Subject: Re: Support for ACLs
To: Robert Elz <kre@munnari.OZ.AU>
From: Lord Isildur <email@example.com>
Date: 03/08/2001 10:40:40
one of the fundamental ideas in the design of UNIX, which i think is
every bit as relevant today as it was in the beginning, is that the UNIX
filesystem does NOT have such compartmentalization and specialization of
files, does NOT have semantic interpretation of files. A very important
concept in UNIX is that files are just an arbitrary sequence of bytes.
The system merely stores them. You can implement ACLs in a userland
solution on top of UNIX, but please dont go putting interpretation of
files into UNIX. There is only one special case in UNIX: a directory.
One might argue, add ACL support to directories.

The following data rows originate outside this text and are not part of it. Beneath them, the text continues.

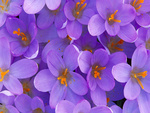 Crocuses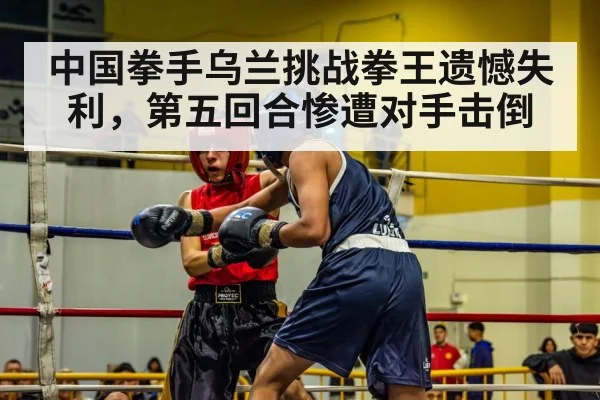 boxing match action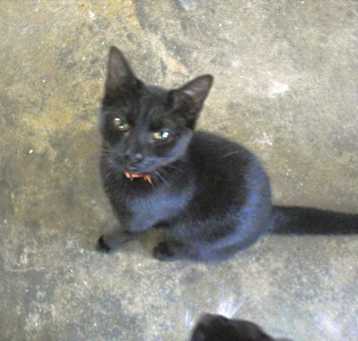 Photo of Wally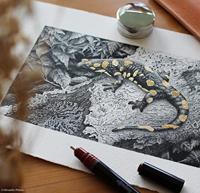 Rotring college set van 9 Isograph 0,25 mm/ 0,35 mm/ 0,5 mm - thumbnail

But, in the design ofd
UNIX, a more general mechanism was instead thought up, which can be used
for ACLs if one wishes: groups.
Dont forget that a lot of the stuff people are trying to shoehorn into
the kernel really belongs in userland.
On Thu, 8 Mar 2001, Robert Elz wrote:
> Date: Thu, 8 Mar 2001 13:55:49 +0100
> From: Frank van der Linden <firstname.lastname@example.org>
> Message-ID: <20010308135549.A2248@vaasje.org>
> | I think that most people are certainly interested in ACL support.
> | Manpower would be a problem, though, someone has to stand up and
> | actually do it..
> I have this kind of less than half baked idea (so far anyway) to
> add "associated files" to inodes - that is, to allow a file to
> have almost any number of other kinds of data attached to it.

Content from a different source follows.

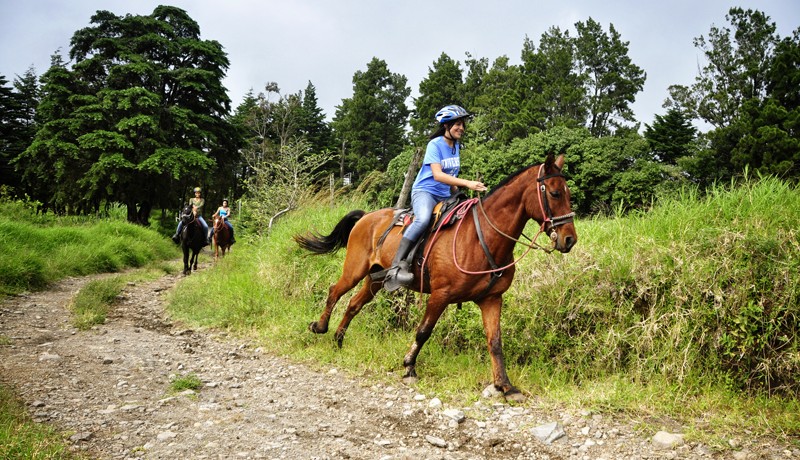 Choosing An Ethical Horse Trek In Costa Rica Horse Trekking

> The data would be just another file, so in a way every file would
> be a directory, though probably not with names, but with types, that
> is, if some of the associated data was an ACL, then what the kernel would
> want is to find acls associated with this file, not to find "foobar".
> Linking to a file this way would increase the inode ref count of course,
> so the named file could then be unlinked if desired.
> There are a whole bunch of issues associated with this - and I'm not sure
> it would work, but the idea is basically fundamentally simple.
> Actually making an ACL system on top of this ought then be fairly easy
> (assuming some kind of suitable ACL language can be designed).
> Apart from ACLs, this could store stuff like dump/archive history,
> or macintosh type "forks" or almost anything else that it makes sense
> to have all linked together with a file.